A few points in response:
1. Blockbusters were, for the most part, terrible video stores, focused as they – and Netflix, for that matter – were on feeding consumer demand for the newest hottest things, rather than being consumer-oriented pay libraries (which are generally profitable enterprises, if not as profitable as stoking consumer demand to hyperactive proportions).
2. Your typical Blockbuster – and I can speak to this as I had multiple siblings work there – worked on stocking principles that dictated that half of the store’s shelf space was devoted to new releases (with the newest and hottest releases taking more prominence, of course), and half to older stock. This contrasted with more traditional video stores, where (and I personally worked at several, so I can also speak to this) generally had a new release/long tail ratio of anywhere from 40-60 (your neighborhood mom and pop store) to 20/80 (the really good video stores that took movies seriously).
3. Compare to Netflix, where we actually have hard statistics to determine how much of their catalogue can be considered recent thanks to sites like New On Netflix. Thanks to that site, I can tell you that Netflix Canada has 5,190 titles right now, and of those 5,190 titles 3,007 are less than three years old. That’s 58 percent! And that’s before you remove TV programs from the equation, because TV series are considered (for search purposes) single titles with their year being the earliest season available on Netflix, so most TV series skew older rather than newer, which means that the percentage of movies on Netflix that could be considered reasonably recent is actually even higher than it looks at first glance.
4. Just as important, though, is the fact that although most video stores and Blockbusters would generally clear out their new releases stock as “previously viewed” sales to increase their revenue, they would keep one or two copies of each new release to be incorporated into their older stock, because although the long tail for rentals is a thing, for movies that are 5-10 years old you’re still in the medium of the long tail where there was an active audience of people who were only getting around to see any given movie which they had intended to see for a while (this happened regularly with prestige pictures/Oscar winners), and after the medium of the long tail passed there was still the long tail of revenue to be generated from movies which had already seen the vast majority of their lifetime rentals but which could earn additional revenue every so often simply by sitting there and being available.

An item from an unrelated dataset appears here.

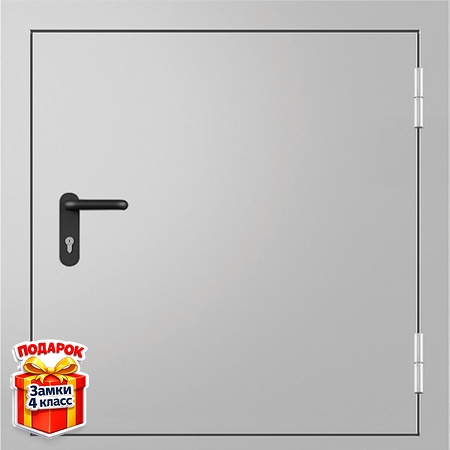 Противопожарный люк с серым порошковым напылением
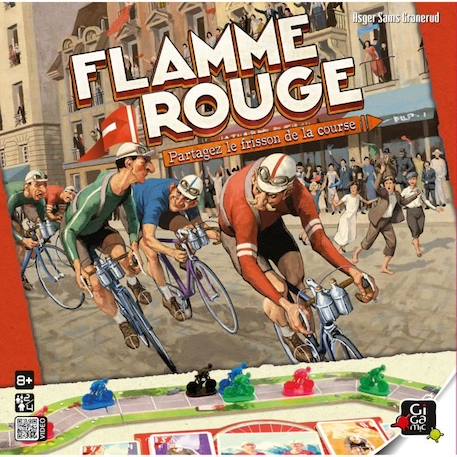 Jeu de carte Flamme Rouge GIGAMIC - Jeu de course rapide et tactique ROUGE 4 - vertbaudet enfant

5. The average Blockbuster had a movie library of approximately 7,000 titles at any given time (per Big-Box Swindle by Stacy Mitchell); independent video stores almost always exceeded this, with “good” video stores often exceeding 15,000 titles. Netflix – regardless of country – has at any point a library of in between 5-6,000 titles. That is usually about 20% TV shows (and many of the TV shows are marginal things); it usually also includes about 20% bottom-bin straight-to-DVD releases (and straight-to-video releases were certainly a part of any video store’s inventory, but the ratio was usually about 10% rather than 20%). There really isn’t any numerical question that Netflix’s service is inferior to practically all video stories in terms of variety of catalogue.
So, the basic response to Manatee’s comment is the least satisfying one to all concerned, which is “your memory isn’t really accurate.” Regular video stores were better for catalogue than Blockbuster was, and Blockbuster was better for catalogue than Netflix was.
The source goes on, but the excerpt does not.